| AIM OF THE EXERCISE |
Reproduce all of the material, keeping each line intact.

| AVAILABLE DATA |
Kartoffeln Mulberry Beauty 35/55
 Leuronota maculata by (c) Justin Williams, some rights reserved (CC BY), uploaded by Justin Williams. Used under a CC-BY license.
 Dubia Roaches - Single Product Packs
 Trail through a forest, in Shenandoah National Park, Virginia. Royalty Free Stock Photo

| SOLUTION TO THIS PROBLEM |
Kartoffeln Mulberry Beauty 35/55
 Leuronota maculata by (c) Justin Williams, some rights reserved (CC BY), uploaded by Justin Williams. Used under a CC-BY license.
 Dubia Roaches - Single Product Packs
 Trail through a forest, in Shenandoah National Park, Virginia. Royalty Free Stock Photo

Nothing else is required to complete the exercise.